Ryan McAdams writes "Popular websites, such as Facebook, are wasting as much as 75MBit/sec of bandwidth due to excessively long URLs. According to a recent article over at O3 Magazine, they took a typical Facebook home page, looked at the traffic statistics from compete.com, and figured out the bandwidth savings if Facebook switched from using URL paths which, in some cases, run over 150 characters in length, to shorter ones. It looks at the impact on service providers, with the wasted bandwidth used by the subsequent GET requests for these excessively long URLs. Facebook is just one example; many other sites have similar problems, as well as CMS products such as Word Press.
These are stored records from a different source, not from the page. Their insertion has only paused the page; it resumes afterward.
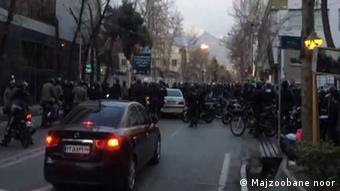 نیروی انتظامی و دراویش گنابادی روز ۳۰ بهمن با هم درگیر شدند Teheran Auseinandersetzung Gonabadi religiöse Gruppe in Teheran mit Polizei (Majzoobane noor )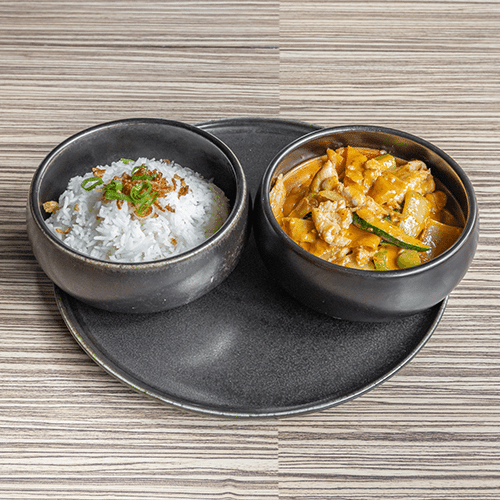 Chicken red curry with coco cream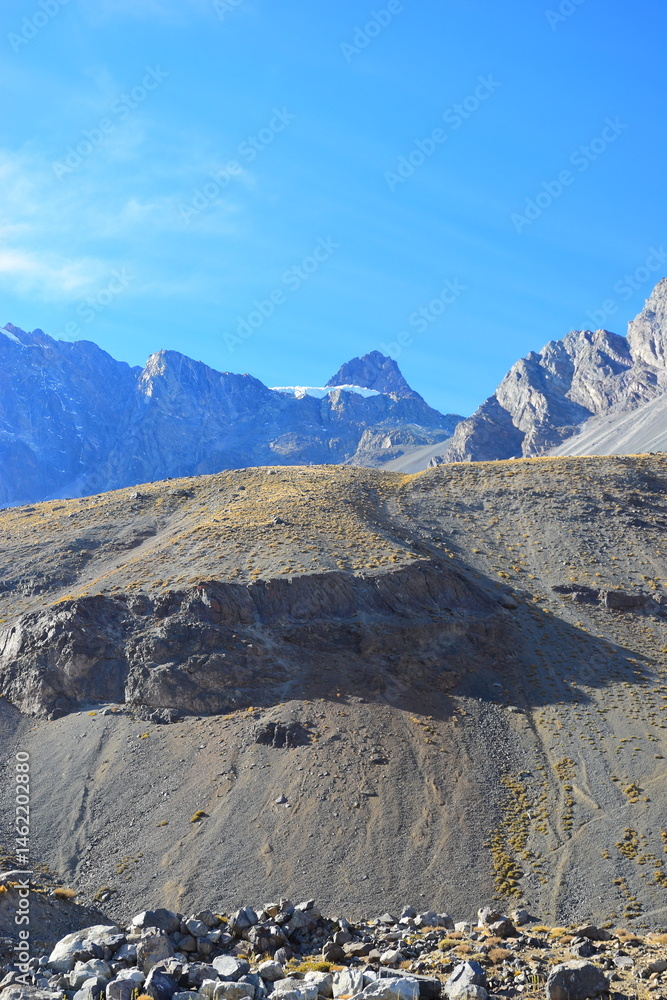 Fototapeta premium Cajon del Maipo - Embalse el Yeso area. San jose de Maipo, close to Santigao area. Lake view with mountains in the background. With unreal, scenic nature views. With glaciers and lakes close by.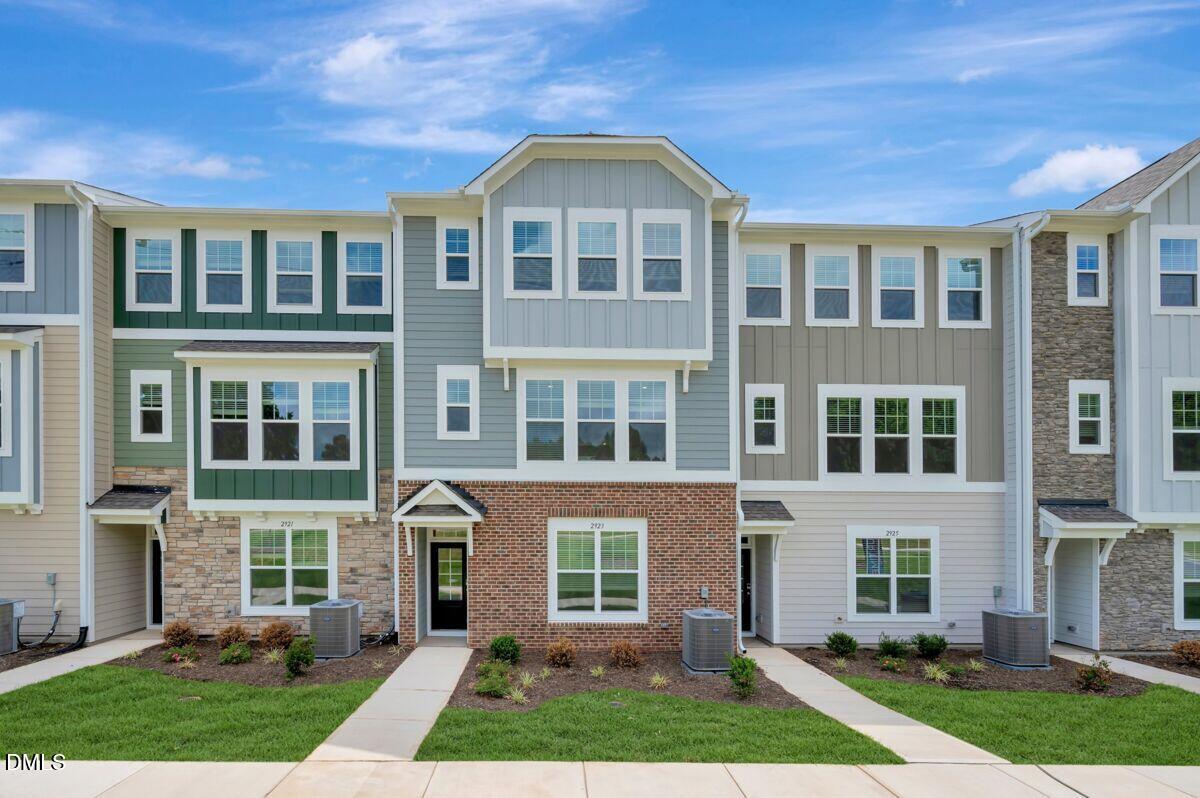 2923 Richardson Road — photo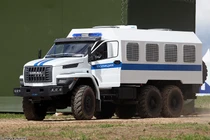 Choáng với dàn xe đặc chủng lực lượng thực thi pháp luật Nga (2)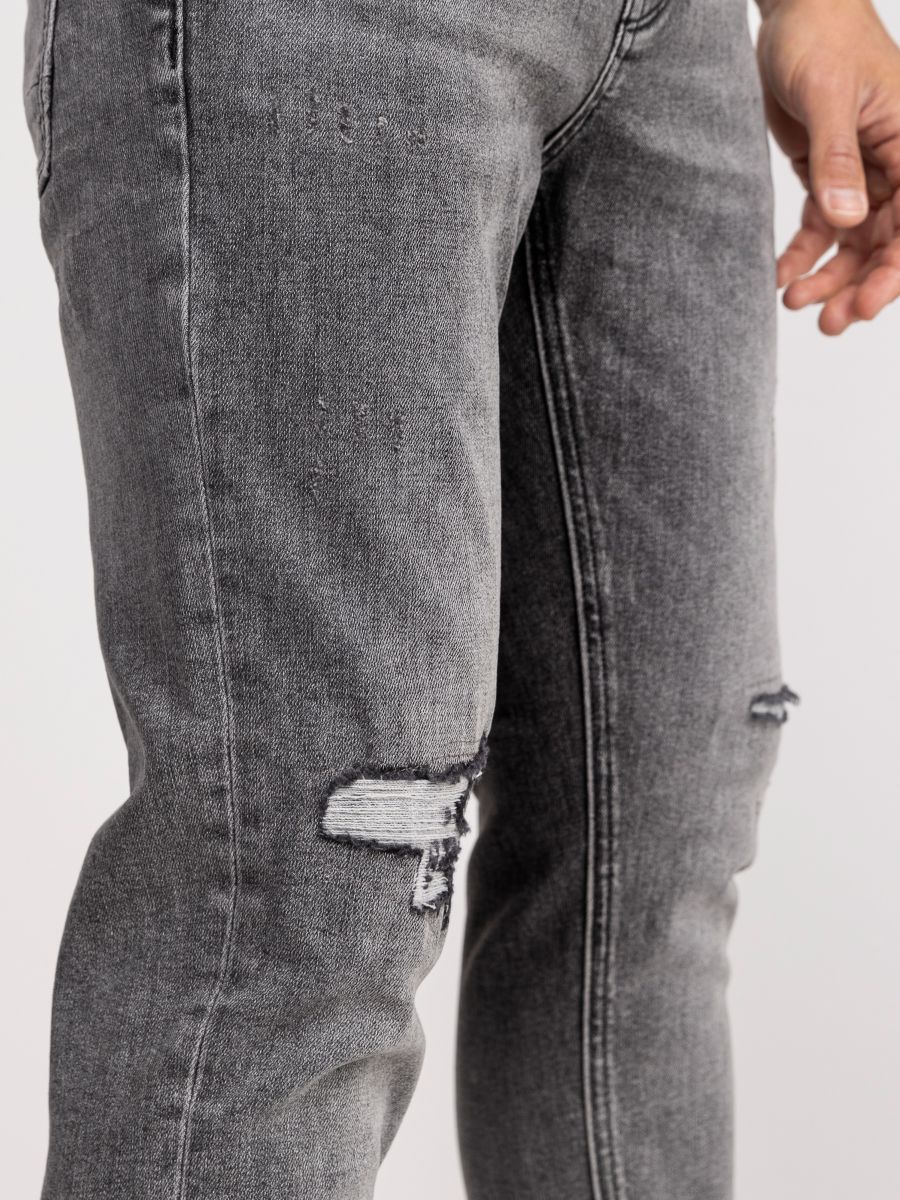מכנסי ג’ינס לגבר בגזרת SUPER SKINNY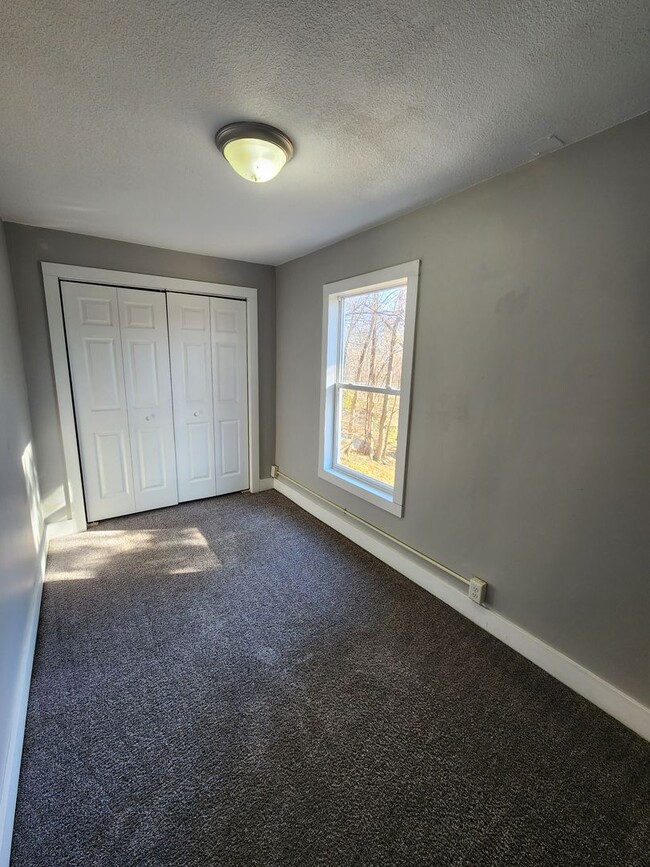 Building Photo - 2 Bedroom 2Bathroom House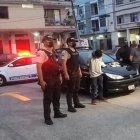 La Policía con los tres sospechosos aprehendidos al amanecer de hoy, luego de una persecución.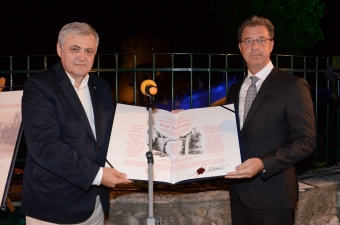 Tužilac Brammertz prima nagradu za mir od Safeta Oručevića, direktora Centra za mir i multietničku saradnju u Mostaru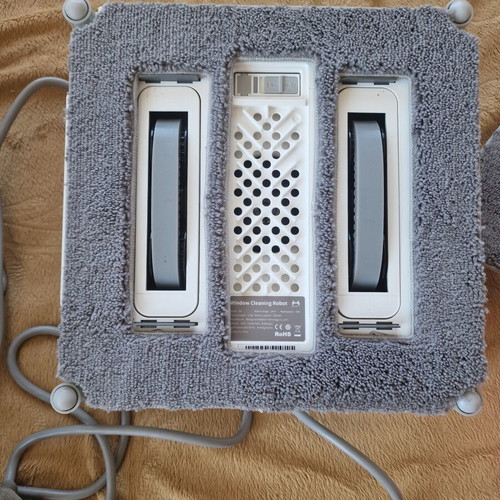 Window cleaning robot like new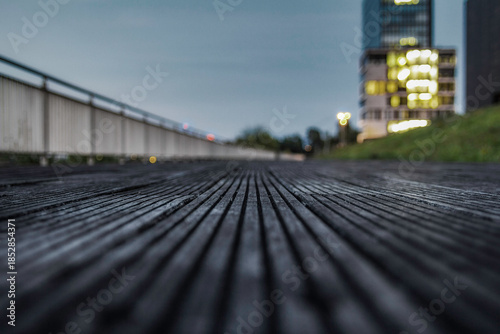 Holzsteg im Medienhafen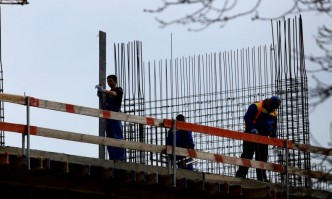 България е сред страните от ЕС в които строителството се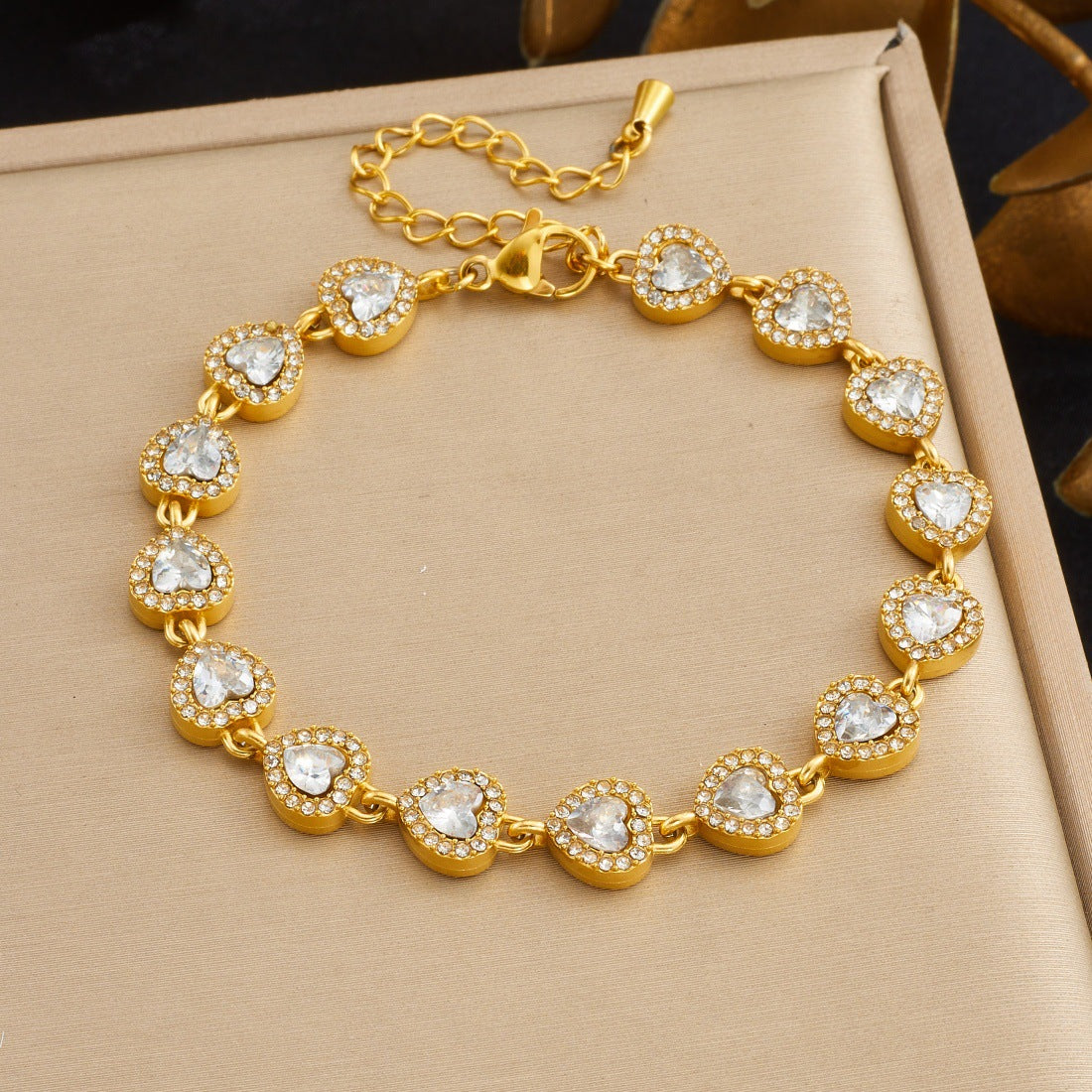 Elegant Business Gold Plated Stainless Steel Heart Geometric Cubic Zirconia Bracelet for Women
It's an interesting approach to web optimization for high traffic sites."

5 of 379 comments (clear)

  1. Re:Can they not use... by dotgain · · Score: 5, Funny

    No, they cannot use TinyURL (read: goatse, tubgirl et. al) thank you very much.

  2. Better idea by Anonymous Coward · · Score: 5, Funny

    Just use a smaller font for the URL!

  3. Re:Can they not use... by gbh1935 · · Score: 5, Funny

    This thread is wasting more bandwidth

  4. Re:Can they not use... by guyminuslife · · Score: 5, Funny

    That's nothing. This is the most disgusting shit you'll ever see on the Internet.

    --
    I don't believe in time. It's a grand conspiracy designed to sell watches.
  5. Re:Can they not use... by Dan541 · · Score: 5, Funny

    http://tinyurl.com/6rywju

    Tiny url is not all bad, this is one example of a positive use.

    --
    An SQL query goes to a bar, walks up to a table and asks, "Mind if I join you?"